Shakespeare lived a full life.
He was past fifty at his death, both his daughters were married, and he had
written thirty-seven plays, some of which had been published. The merchant's
son who had left his home for London under unclear and perhaps unhappy
circumstances had returned as one of Stratford's most prosperous citizens. He
was buried at the same church at which he had been christened , and within a few
years a monument bearing his likeness was raised in his memory. In his will
Shakespeare left the major part of his property to his wife, but he did not
neglect the fellow actors with whom he had shared so much. His wife lived to see
the publication of Shakespeare's complete works in 1623. The edition is known
as the First Folio, and was collected by John Hemminges and Henry Condell,
two
of the actors of the King's Men whom Shakespeare had remembered in his will.
Shakespeare's Time
Shakespeare lived at a crucial
and provocative time. Such famous writers as Francis Bacon, Christopher Marlowe,
Ben Jonson, and John Donne were all born within a dozen years of Shakespeare's
birth, and were publishing during his lifetime. The drama was just being
recognized as a legitimate art form, and the first public theater was erected
when Shakespeare was twelve. Holinshed's Chronicles of England, Scotland &
Ireland, the source for many of Shakespeare's plots, was published only
shortly after that. During Shakespeare's lifetime many events of historical
importance occurred. France gave sanction to Protestantism; England made peace
with Spain; the colony of Jamestown in Virginia was formed; Puritanism, with its
moralistic disapproval of the theater, grew in strength; and the Kind James
Bible appeared. Much was happening in the world of the arts as well.
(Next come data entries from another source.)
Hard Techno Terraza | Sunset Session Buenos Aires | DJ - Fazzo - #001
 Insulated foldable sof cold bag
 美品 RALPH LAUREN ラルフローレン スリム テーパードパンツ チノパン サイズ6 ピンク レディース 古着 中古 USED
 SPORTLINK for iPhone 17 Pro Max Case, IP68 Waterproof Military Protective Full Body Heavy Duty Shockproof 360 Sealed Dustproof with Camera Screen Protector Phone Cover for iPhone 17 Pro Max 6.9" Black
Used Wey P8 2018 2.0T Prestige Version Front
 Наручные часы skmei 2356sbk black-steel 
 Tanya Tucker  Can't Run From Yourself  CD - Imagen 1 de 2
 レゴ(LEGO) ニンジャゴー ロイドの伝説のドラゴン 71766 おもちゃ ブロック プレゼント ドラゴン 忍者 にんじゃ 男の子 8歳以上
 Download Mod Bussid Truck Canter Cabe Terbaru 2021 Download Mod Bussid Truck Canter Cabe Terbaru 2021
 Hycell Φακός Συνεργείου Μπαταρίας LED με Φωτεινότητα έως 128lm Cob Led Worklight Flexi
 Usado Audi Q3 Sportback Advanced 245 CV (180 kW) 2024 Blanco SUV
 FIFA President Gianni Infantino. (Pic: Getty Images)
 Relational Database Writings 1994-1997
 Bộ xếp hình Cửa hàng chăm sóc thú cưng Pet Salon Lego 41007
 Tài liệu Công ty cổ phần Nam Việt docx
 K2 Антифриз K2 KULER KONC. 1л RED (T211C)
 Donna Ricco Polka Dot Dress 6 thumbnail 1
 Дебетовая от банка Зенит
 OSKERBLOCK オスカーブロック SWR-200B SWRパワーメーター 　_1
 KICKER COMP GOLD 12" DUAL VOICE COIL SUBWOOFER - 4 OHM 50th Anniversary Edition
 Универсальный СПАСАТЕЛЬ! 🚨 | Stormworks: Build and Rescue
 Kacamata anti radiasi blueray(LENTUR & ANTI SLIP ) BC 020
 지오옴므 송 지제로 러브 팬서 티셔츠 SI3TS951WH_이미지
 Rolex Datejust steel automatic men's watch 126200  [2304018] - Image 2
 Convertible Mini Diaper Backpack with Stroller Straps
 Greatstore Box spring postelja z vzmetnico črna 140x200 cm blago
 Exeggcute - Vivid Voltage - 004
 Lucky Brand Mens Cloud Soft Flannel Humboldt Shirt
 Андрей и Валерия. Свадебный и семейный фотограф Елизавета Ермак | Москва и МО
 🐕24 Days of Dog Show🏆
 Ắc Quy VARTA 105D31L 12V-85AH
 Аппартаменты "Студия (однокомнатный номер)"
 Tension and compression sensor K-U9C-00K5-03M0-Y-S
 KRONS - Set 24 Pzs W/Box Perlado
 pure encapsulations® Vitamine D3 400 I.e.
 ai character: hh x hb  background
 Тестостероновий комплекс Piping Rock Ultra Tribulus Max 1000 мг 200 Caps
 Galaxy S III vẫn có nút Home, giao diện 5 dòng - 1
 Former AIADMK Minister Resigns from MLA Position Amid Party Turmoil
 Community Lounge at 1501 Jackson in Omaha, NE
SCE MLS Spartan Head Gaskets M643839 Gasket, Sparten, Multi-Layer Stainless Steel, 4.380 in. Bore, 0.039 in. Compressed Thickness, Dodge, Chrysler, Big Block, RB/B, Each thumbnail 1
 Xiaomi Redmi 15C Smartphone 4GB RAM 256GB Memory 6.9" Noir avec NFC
Queen
Elizabeth pleasured herself with masques—great costumed festivals held at the
country homes of nobles—at which guests were entertained with costume balls,
and with much gaiety in the form of singing, impromptu sketches, and
spectaculars. The growingly recognized art of the theater provided fertile
ground for the efforts and innovations of a young playwright, and the dramatic
art was taken up by many and developed at an explosive rate. All this was made
secure by King James's sanction of the art.